# Taking out a pocket door



## MSUFW07 (Jan 22, 2009)

I have a pocket door between a bathroom and a bedroom. I personally hate them and have no idea why they would have put on in this location, other then it would be a small regular door (26"). I would like to take out the pocket door and install a regular hinged door. 

As best as I can see there is the track across the top that the rollers ride on and that goes back into the wall. There is a metal support on the inside of the drywall on both sides, maybe some sort of frame for the pocket door? 

Can any one give me some advice about how to do this? I would imagine that I would at the very least need to put some sort of support in the side where the door slides into to finish the rough framing for a new door, but what about further back into the wall, just leave that? I don't know about how to get the rest of the track out that's into the wall, would you leave it or maybe just cut it off with the edge of the drywall.

Thanks in advance


----------



## swampbuck (Dec 23, 2004)

I would take it all out however it happened, properly Frame in a 32" door and repair any remaing damage.


----------



## Big Reds (Oct 14, 2007)

Pocket doors are framed in and installed before the drywall. Without removing the drywall on the side that the door slides into, the frame will have to remain. If you want to install a larger door, get out the sawsall and cut away.
Leave what you can't get out and rough in from there.


----------



## MSUFW07 (Jan 22, 2009)

Not exactly what I wanted to hear but if I do it I wanted to do it correctly and I figured that pulling it all out would be the best way but didn't realize that It would be so involved. May have to be a winter project. Thanks again.


----------



## WoW. (Aug 11, 2011)

MSUFW07 said:


> I have a pocket door between a bathroom and a bedroom. I personally hate them and have no idea why they would have put on in this location, other then it would be a small regular door (26"). I would like to take out the pocket door and install a regular hinged door.

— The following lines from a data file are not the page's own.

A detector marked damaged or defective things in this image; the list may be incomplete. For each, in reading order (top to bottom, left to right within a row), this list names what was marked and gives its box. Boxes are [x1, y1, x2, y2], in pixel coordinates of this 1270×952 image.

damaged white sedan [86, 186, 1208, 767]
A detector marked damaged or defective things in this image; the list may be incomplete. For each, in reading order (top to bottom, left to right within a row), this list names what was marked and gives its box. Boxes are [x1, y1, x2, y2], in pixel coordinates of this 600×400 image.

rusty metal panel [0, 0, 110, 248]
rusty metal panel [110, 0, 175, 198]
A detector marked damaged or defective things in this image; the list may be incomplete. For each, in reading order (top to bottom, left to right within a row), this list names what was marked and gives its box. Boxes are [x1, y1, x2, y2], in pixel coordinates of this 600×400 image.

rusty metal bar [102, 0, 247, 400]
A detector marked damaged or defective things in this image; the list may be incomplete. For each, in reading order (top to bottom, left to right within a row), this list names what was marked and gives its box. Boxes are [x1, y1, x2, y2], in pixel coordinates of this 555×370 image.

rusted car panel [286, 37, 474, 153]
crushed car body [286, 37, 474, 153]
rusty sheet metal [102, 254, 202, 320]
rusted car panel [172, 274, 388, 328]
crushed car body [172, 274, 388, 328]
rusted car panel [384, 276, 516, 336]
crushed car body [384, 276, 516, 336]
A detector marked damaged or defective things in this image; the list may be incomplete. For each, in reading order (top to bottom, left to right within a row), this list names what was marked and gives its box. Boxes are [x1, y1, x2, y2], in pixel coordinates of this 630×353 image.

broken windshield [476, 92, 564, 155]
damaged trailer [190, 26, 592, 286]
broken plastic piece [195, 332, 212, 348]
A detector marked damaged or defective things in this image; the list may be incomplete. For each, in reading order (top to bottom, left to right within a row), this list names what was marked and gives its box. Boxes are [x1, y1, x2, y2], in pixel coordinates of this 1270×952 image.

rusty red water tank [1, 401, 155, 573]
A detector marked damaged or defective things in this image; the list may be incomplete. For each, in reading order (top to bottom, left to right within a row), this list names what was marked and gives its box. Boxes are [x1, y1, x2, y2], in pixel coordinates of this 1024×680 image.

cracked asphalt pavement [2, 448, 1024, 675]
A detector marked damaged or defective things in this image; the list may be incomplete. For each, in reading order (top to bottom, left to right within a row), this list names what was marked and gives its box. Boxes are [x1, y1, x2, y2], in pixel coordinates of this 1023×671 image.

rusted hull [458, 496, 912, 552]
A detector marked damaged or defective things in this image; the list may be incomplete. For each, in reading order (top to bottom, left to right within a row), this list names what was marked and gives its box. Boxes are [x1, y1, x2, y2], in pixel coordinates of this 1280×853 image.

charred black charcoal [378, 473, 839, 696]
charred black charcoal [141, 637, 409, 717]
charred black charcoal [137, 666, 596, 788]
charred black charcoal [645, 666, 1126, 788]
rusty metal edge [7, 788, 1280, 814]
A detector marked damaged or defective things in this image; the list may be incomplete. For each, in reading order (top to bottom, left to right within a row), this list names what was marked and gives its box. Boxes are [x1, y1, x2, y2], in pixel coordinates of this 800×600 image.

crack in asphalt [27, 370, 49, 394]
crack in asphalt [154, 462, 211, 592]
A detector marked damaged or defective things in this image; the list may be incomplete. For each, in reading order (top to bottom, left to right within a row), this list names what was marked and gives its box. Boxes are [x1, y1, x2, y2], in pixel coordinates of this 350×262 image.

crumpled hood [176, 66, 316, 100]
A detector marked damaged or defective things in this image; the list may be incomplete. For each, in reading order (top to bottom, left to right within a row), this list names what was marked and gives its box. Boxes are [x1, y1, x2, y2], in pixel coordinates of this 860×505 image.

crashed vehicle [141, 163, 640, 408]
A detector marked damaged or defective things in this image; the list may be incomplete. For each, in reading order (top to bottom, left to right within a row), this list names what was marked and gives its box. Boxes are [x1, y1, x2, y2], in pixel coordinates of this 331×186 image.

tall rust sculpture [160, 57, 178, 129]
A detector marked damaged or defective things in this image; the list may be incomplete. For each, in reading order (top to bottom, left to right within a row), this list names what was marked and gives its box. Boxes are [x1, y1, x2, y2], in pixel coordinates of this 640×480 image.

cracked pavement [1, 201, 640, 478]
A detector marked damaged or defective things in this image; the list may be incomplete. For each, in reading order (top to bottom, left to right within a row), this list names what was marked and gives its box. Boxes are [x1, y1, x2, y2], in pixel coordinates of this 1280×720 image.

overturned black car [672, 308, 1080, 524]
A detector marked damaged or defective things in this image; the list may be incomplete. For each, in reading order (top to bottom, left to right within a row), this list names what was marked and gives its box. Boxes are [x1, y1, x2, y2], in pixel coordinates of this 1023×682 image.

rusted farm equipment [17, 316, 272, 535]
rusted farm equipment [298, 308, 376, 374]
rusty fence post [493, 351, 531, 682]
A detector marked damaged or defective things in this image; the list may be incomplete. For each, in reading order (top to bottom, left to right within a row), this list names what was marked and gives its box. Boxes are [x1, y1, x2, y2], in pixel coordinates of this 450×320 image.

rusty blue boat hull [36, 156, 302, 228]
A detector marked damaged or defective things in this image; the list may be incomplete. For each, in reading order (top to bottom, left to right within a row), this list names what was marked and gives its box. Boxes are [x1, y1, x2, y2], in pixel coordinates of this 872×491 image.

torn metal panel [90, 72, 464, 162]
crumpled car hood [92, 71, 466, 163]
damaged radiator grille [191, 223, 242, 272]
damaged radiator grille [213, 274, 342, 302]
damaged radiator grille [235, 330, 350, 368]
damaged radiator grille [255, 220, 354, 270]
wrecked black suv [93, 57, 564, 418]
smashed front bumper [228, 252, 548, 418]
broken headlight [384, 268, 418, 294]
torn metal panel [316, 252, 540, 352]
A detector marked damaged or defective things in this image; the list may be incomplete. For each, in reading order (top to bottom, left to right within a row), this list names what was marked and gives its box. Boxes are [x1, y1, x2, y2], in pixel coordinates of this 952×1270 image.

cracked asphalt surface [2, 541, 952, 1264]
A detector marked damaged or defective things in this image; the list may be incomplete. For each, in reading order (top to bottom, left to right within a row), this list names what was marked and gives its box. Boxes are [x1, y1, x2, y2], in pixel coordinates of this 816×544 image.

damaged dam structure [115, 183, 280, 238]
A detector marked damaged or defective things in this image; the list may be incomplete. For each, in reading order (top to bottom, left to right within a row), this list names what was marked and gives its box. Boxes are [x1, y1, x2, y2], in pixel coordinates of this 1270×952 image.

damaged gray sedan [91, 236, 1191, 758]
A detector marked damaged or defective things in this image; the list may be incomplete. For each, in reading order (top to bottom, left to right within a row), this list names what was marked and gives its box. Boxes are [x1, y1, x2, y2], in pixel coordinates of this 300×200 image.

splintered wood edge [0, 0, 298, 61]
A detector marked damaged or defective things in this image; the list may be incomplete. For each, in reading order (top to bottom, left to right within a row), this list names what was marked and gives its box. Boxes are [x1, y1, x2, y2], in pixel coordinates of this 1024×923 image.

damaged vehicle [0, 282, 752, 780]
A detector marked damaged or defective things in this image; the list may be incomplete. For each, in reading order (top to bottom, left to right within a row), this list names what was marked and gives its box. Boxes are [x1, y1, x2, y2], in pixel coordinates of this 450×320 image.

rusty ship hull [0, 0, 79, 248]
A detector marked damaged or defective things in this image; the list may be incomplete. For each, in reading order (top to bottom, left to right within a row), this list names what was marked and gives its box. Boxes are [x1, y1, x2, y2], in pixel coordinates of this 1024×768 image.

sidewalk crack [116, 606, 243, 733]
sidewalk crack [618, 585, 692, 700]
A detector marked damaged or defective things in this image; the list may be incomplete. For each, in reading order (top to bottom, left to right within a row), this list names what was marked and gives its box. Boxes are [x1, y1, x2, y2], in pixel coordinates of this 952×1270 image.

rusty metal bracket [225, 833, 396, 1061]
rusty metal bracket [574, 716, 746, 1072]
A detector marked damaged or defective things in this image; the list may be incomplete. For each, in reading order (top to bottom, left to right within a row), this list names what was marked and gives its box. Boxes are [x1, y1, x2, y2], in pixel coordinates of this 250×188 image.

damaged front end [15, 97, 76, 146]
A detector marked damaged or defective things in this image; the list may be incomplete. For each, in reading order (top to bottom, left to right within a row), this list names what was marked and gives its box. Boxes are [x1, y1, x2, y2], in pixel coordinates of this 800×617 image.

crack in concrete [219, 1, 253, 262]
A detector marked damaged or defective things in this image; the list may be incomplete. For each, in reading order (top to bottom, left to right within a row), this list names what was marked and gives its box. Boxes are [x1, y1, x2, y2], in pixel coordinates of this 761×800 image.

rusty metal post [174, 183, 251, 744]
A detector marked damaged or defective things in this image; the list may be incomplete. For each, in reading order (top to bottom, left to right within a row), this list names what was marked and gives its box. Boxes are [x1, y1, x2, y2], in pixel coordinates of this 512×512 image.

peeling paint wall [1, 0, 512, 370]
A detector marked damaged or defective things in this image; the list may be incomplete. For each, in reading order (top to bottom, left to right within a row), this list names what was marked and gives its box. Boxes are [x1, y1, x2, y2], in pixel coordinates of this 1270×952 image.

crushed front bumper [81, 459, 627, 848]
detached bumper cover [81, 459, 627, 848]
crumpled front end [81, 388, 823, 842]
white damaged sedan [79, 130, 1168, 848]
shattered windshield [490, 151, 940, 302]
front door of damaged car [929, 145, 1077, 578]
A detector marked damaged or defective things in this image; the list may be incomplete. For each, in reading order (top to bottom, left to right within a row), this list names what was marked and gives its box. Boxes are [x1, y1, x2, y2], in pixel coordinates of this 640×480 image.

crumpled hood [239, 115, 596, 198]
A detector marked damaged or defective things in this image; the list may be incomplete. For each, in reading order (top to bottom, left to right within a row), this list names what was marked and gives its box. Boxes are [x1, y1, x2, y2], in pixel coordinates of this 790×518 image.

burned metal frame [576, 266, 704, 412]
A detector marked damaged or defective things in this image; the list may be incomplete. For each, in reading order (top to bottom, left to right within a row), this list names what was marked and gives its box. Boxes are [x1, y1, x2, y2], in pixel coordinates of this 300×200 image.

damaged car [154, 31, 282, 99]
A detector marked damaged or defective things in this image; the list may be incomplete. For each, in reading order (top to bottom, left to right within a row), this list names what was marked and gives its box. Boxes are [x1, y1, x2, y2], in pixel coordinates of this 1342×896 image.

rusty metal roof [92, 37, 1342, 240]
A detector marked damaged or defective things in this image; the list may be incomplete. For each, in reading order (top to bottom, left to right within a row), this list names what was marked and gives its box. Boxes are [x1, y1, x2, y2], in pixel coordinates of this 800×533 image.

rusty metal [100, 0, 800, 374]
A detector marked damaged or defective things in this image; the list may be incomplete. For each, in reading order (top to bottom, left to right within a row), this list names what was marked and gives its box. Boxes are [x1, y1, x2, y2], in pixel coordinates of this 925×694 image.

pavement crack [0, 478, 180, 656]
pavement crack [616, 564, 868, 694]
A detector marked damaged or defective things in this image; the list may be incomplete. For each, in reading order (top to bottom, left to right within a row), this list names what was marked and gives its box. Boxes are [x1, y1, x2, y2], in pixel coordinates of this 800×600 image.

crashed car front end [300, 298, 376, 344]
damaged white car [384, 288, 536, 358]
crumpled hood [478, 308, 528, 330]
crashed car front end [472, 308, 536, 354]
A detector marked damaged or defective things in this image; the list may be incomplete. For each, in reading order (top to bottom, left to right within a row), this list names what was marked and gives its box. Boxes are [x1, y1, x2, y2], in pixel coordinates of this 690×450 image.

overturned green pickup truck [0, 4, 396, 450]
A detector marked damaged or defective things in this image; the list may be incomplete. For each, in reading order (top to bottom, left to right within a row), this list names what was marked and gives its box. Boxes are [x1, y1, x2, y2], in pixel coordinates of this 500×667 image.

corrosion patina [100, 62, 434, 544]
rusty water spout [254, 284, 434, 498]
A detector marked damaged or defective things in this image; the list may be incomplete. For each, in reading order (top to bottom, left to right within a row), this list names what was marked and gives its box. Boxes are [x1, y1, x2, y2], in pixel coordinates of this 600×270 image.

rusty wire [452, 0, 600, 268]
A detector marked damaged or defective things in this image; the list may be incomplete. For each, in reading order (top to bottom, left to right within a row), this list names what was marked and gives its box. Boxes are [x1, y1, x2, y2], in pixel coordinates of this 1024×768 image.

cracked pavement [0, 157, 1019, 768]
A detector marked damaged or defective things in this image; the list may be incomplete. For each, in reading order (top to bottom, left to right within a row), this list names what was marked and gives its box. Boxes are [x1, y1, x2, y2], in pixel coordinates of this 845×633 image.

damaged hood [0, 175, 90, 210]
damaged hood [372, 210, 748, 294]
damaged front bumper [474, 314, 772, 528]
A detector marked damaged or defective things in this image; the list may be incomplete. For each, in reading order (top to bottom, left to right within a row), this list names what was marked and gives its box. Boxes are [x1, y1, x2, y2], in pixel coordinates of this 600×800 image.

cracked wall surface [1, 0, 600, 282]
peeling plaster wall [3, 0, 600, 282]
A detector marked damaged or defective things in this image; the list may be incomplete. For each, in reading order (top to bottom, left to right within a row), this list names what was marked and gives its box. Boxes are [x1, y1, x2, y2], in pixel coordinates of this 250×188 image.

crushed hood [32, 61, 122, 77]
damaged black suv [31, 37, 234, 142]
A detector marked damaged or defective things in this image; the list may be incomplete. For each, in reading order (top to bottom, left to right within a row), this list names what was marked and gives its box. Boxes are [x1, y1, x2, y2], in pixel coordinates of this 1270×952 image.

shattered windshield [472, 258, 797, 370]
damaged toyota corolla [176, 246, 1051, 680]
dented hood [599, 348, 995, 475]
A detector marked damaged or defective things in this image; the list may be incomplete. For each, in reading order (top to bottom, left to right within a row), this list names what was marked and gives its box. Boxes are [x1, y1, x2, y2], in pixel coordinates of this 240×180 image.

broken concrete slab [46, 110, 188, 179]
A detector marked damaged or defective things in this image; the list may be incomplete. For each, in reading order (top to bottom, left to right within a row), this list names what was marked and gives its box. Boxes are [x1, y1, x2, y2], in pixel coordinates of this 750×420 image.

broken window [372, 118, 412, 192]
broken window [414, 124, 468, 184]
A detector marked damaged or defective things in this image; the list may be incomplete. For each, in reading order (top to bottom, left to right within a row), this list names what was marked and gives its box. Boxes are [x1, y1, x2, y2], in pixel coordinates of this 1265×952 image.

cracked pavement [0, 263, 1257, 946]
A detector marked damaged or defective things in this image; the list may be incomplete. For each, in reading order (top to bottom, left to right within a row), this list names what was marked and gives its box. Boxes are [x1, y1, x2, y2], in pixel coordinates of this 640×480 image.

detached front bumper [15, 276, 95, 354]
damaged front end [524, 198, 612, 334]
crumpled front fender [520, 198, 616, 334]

Sometimes they got installed there because there was either a tight space and/or not really room for a door to effectively swing in to the bathroom. You might end up going with an open out bathroom door.


----------



## MSUFW07 (Jan 22, 2009)

Yea thats probably the issue in the first place. The bathroom is small, 5x7, maybe. The door is on the side with the toilet and the shower is beyond that. And it is adjoined with a bedroom, the is longer then it is wide, 7x11, if I remember correctly. I think that they, builder was the homeowner, could have made it work but for some reason didn't, the bedroom was a little kids room so perhaps a pocket door was easier but I will never be sure, short of having him come and tell me why he did half the things he did, but that's for a whole other thread.


----------